(Credit: Screenshot by Chris Matyszczyk/CNET)
Whom do you love? No, really. Not whom do you say you love? Dig deeper. Whom do you really, really love?
Might it be those secretly cuddly oil barons at Exxon? Or perhaps it's the public-spirited, morally motivated investigators at the National Enquirer?
My questions aren't spurious. Well, no more than usual. For I am in possession of a survey that might force you to book two sessions with your chosen mental health professional this week.
This survey, conducted by ad agency Y&R, purports to go deeper in order to measure people's true feelings toward brands.
The surveyors used a technique called Implicit Association. This was one that had a role in Malcolm Gladwell's book "Blink." It niftily measures your more unconscious feelings.
And what a festering mess of contradictions the unconscious reveals.
Where, on the conscious level, brands like Google and Apple are at the very top of favored responses, deeper down those brands are deeper down.
(Credit: Young And Rubicam)
At the very top of the unconscious spectrum are Target, Amazon, and Facebook. Indeed, Amazon is the only brand that more or less matches conscious and unconscious responses.
Not too far behind them -- and far ahead of Apple and Google -- lie two brands that you truly mightn't expect: Exxon and the National Enquirer.
Even McDonalds is above Apple. Kmart and AT&T are above Google.
Is this time not merely to shut down the government, but also the country? Is humanity so twisted, so tortured in psychological perversion that there is no hope?
Well, yes.
More Technically Incorrect
But let's try and understand what might be occurring here.

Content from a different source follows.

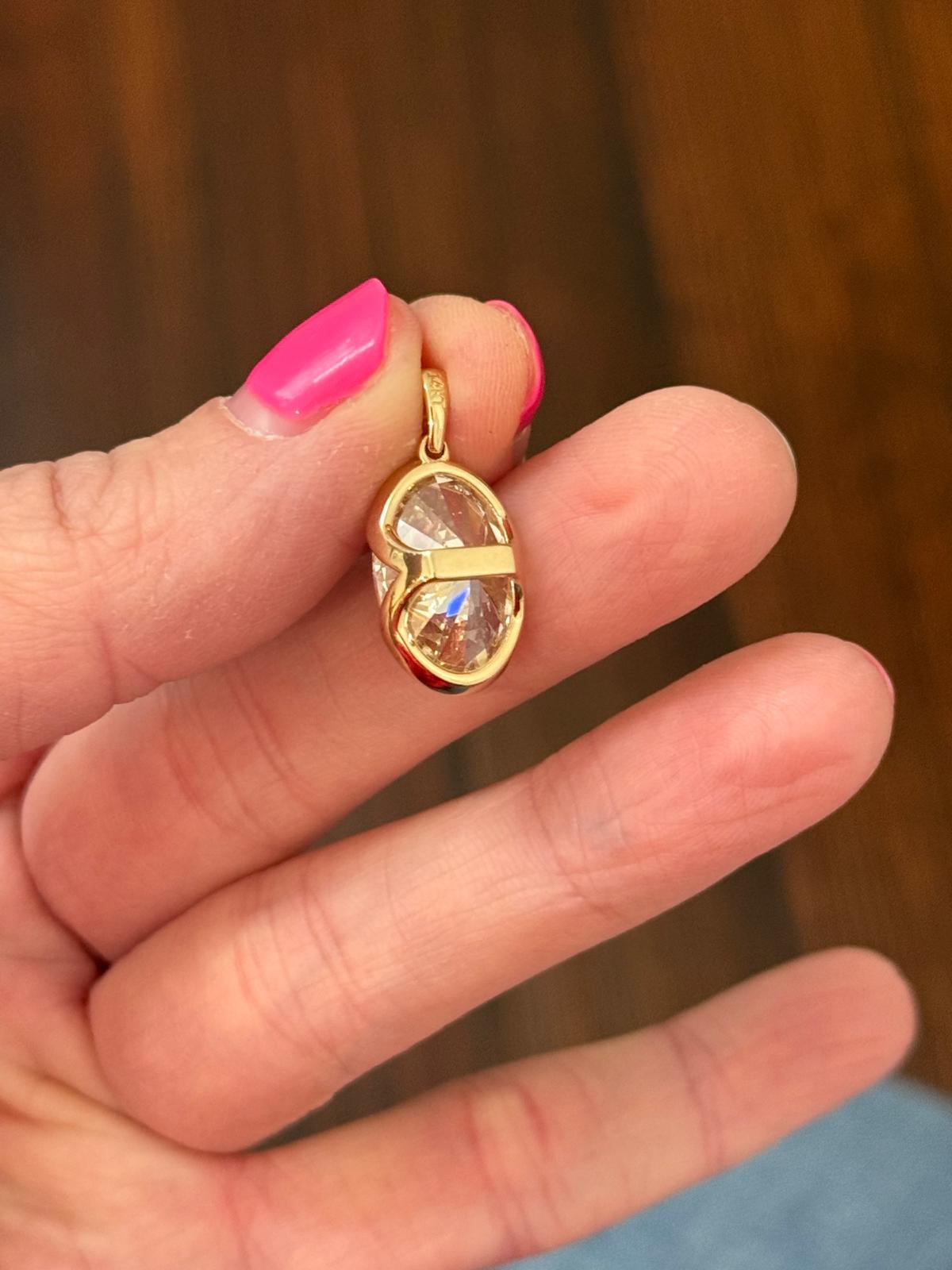 Yellow Gold 7.09ct Oval Lab Diamond Pendant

Could it be that people realize that Exxon, the National Enquirer, and Facebook fill far deeper, more elemental needs than do Apple and Google?
Could it be that we're deeply grateful that the oilies provide us with gas to help us get away from our dismissive families, our boring jobs and inconvenient indictments in unfriendly states?
Is it possible that the National Enquirer provides information that proves famous people are even worse than we are and this makes us feel deeply better?
Could it be that Facebook provides the ability to become someone entirely different from the selves we loathe, the selves from which we are desperate to escape every day?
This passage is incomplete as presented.